Work required: Pictures are not part of the answer. Write out exactly the lines from the one containing "Postcard Isla Mujeres" through the end of the material below.

Recorded information:
##########
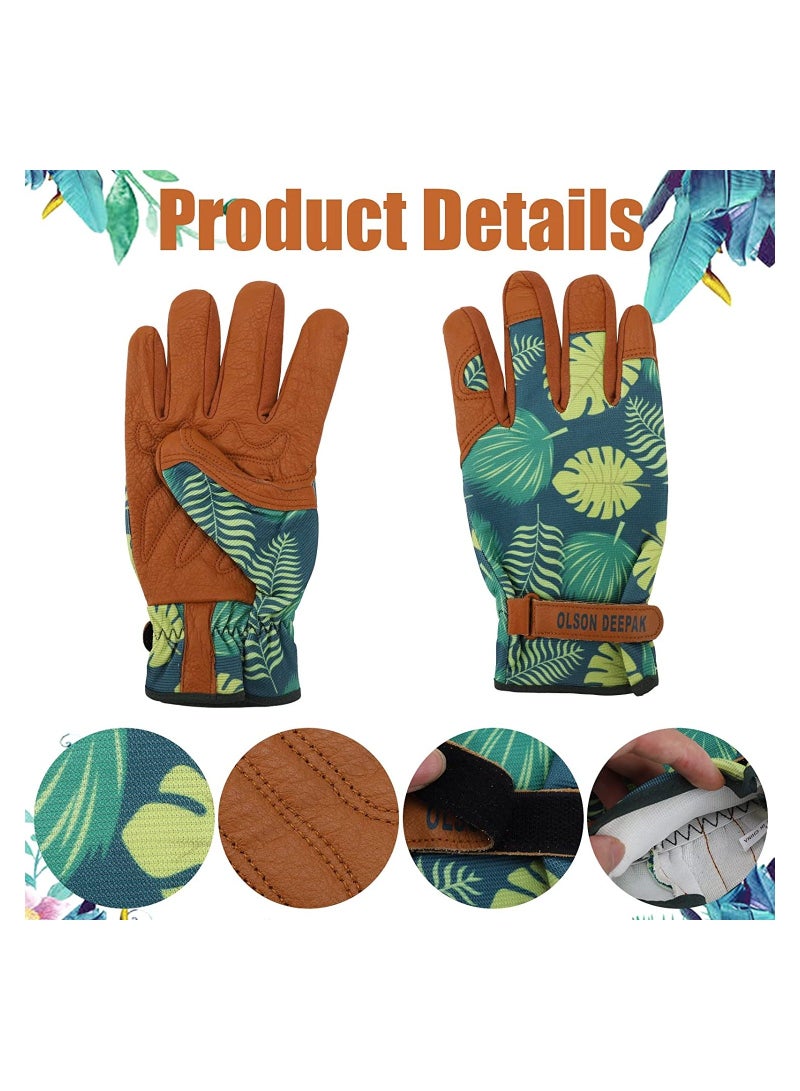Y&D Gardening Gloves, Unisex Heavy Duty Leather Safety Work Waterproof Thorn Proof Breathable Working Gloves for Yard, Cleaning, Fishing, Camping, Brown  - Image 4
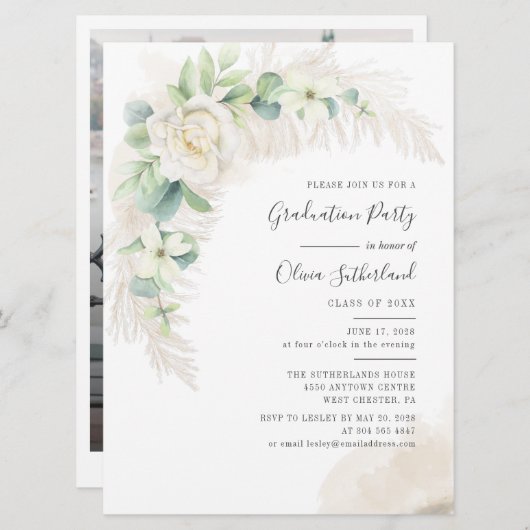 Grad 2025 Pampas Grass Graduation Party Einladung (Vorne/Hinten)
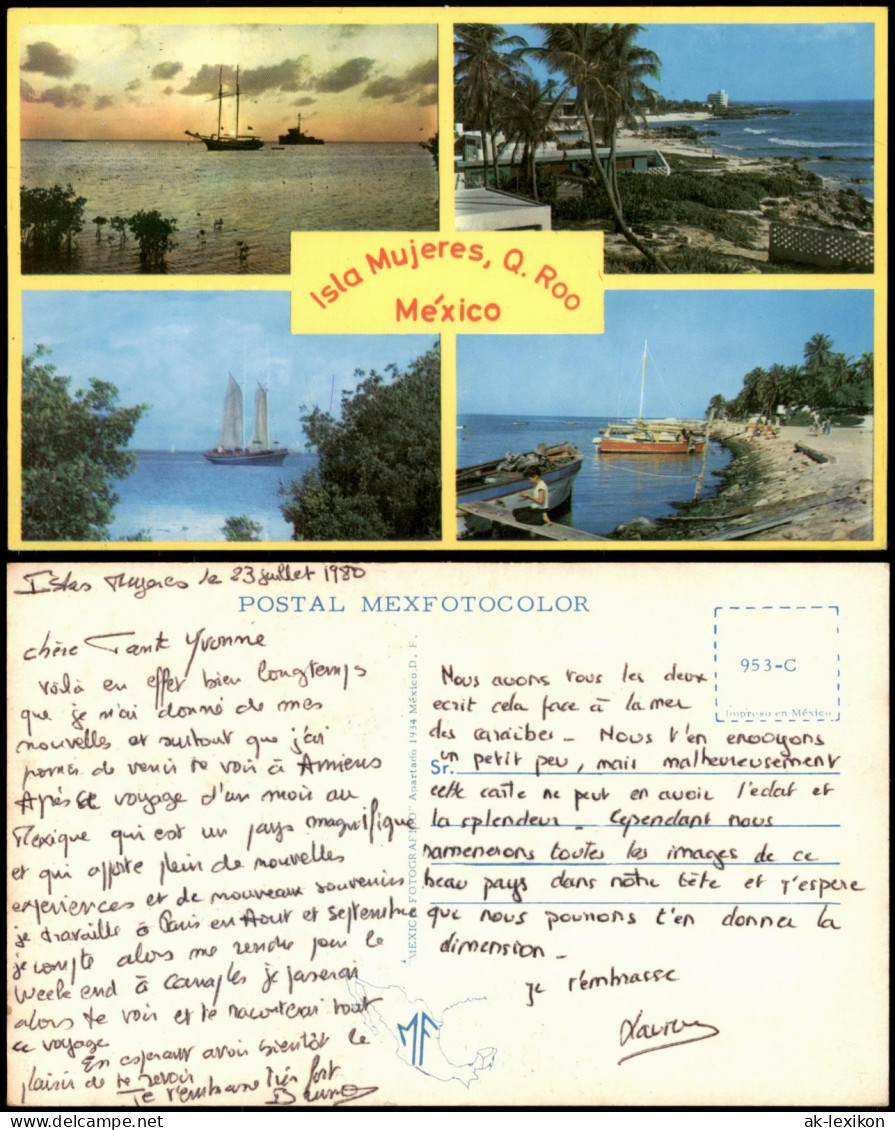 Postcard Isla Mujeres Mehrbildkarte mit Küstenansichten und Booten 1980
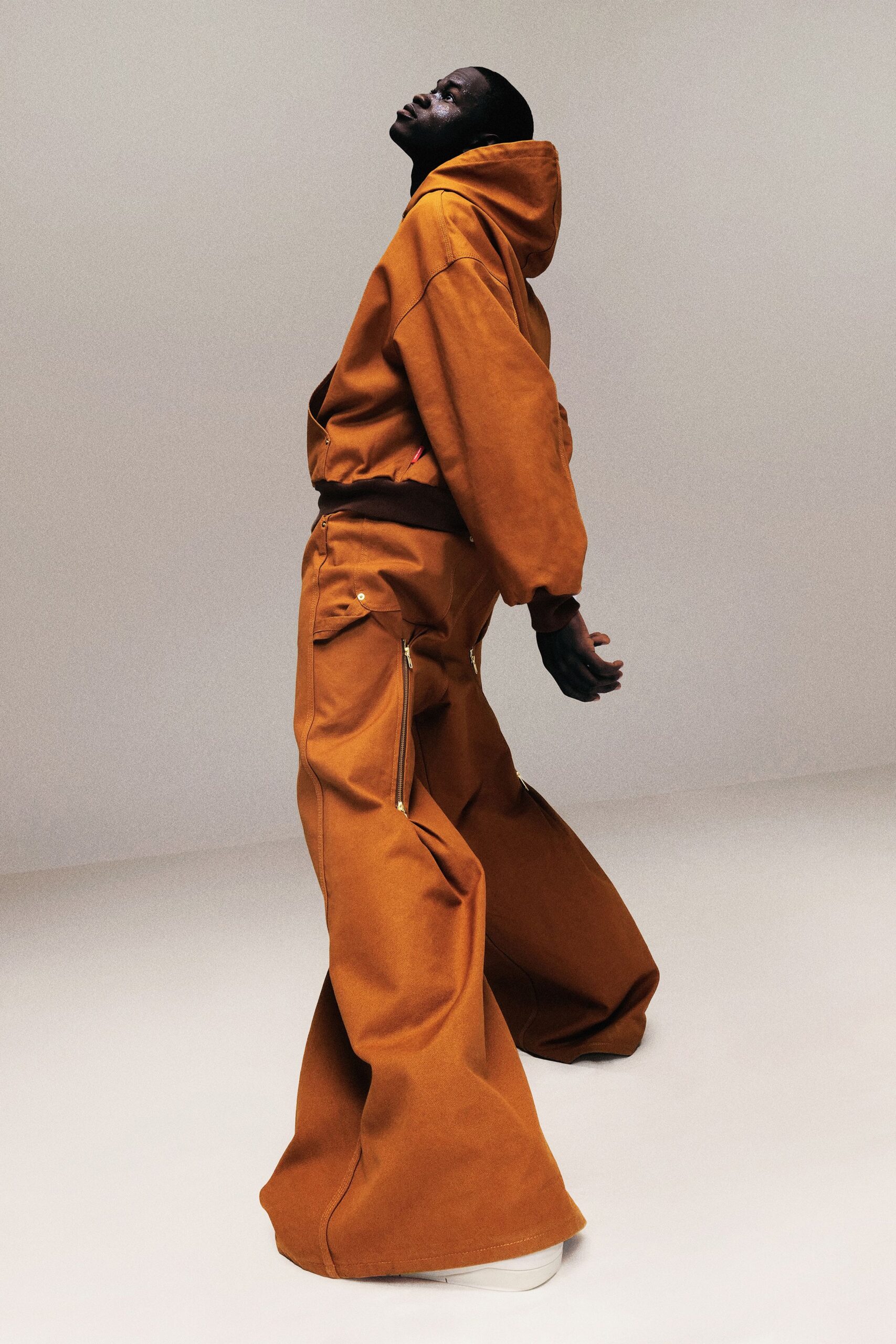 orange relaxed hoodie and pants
##########
Answer space:
 Postcard Isla Mujeres Mehrbildkarte mit Küstenansichten und Booten 1980
 orange relaxed hoodie and pants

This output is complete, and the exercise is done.